Ugh, this f*cking movie. I have uncontrollable hatred for this movie. I hate it with the fire of a thousand suns. It’s the dumbest movie I’ve seen in recent memory—yes, even dumber than Hot Tub Time Machine 2.  At least that movie knows it’s dumb. Playing It Cool is the worst kind of dumb movie—a dumb movie that thinks it’s smart. And it’s terribly written and somehow, it manages to suck the talent right out of an otherwise talented ensemble. Twee and smug, a nearly impossible combination to pull off and yet this movie is like the bacon chocolate of sh*tty twee smuggery. If I could punch this movie in the face, I would. I would punch it right in the face. And then I would kick it. If Hot Tub Time Machine 2 is a dumpster fire, then this movie is the flaming garbage inside that dumpster.

Chris Evans stars in this piece of sh*t movie because he has the worst taste in the world. Michelle Monaghan also stars in this movie because she must have done something terrible in a previous life. They play characters called only “Him” and “Her” because oh god everything about this movie is so face-punchingly SMUG. The plot is that He is a cynical asshole who doesn’t believe in love because Daddy Issues, and She is a flaky twat. He is a screenwriter who wants to write an action movie but gets hired to write a romantic comedy instead. Also, He narrates the movie. So we’re watching a romantic movie about a guy writing a romantic movie while telling us about romance. SEE WHAT THEY DID THERE? *punch*

So He and She meet and He is instantly smitten because She’s the only 10 at this party—seriously, He spends an entire scene rating women on an attractiveness scale—but She’s engaged. So He lies to Her in order to keep seeing Her, and pretends to be Her friend so that He can sleep with Her. Yes, it’s as bad as you’re thinking. This is basically Pick-Up Artist: The Movie. Oh, and He imagines himself in a variety of scenarios including South Korean soap opera and period war film, and His heart manifests as a character from a pulp detective story because f*ck you.

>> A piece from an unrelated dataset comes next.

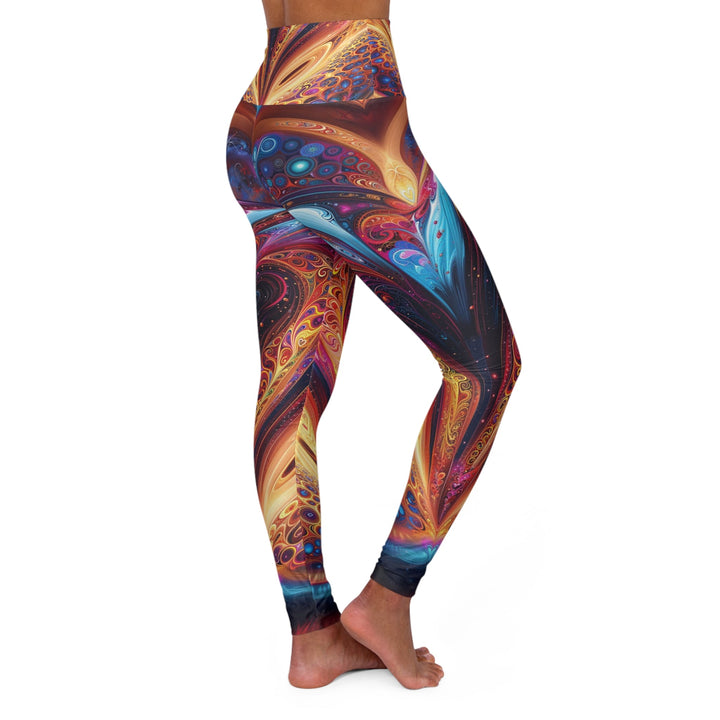 Cosmic Vibrant Swirls - High Waisted AOP Yoga Leggings - All Over Prints - g(0D·IO) - XS - -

The cast also includes Topher Grace, Martin Starr, Luke Wilson, Aubrey Plaza, Anthony Mackie, and Philip Baker Hall. I don’t begrudge any of these people paychecks, but they are all completely squandered. No one is likeable—Mackie’s character is a despicable garbage person who I kept hoping would fall into a sinkhole—and His friends only exist to make incredibly asinine statements like “men and women can’t be just friends”. Every thought and idea contained in Playing It Cool is communicated as if it’s an earth-shattering truism, but there isn’t a single thing here that isn’t completely hackneyed and done to death. And there is a scene inexplicably set at the LA Gun Club, the point of which is a sight gag about carelessly handling firearms. Because improper gun care, that’s HILARIOUS.

Detestable characters, smug tone, twee fantasy elements combined with cynical reasoning—nothing about this movie works. The writers—Chris Shafer and Paul Vicknair, in case you feel like asking them for your money back—are so up their asses about their overly precious concept they never bother to invest Him and Her with an actual reason to fall in love beyond “attractive”. Evans and Monaghan don’t have good enough chemistry to overcome the motivation deficit so all we’re left with is a story about two enormous assholes who have to be together just to keep from inflicting their c*ntery on perfectly nice people. It’s a perfect date night movie if your goal is get your significant other to leave you.

Playing It Cool will be available on demand. You could watch it, or you could pour bleach in your eyes. Same thing, really.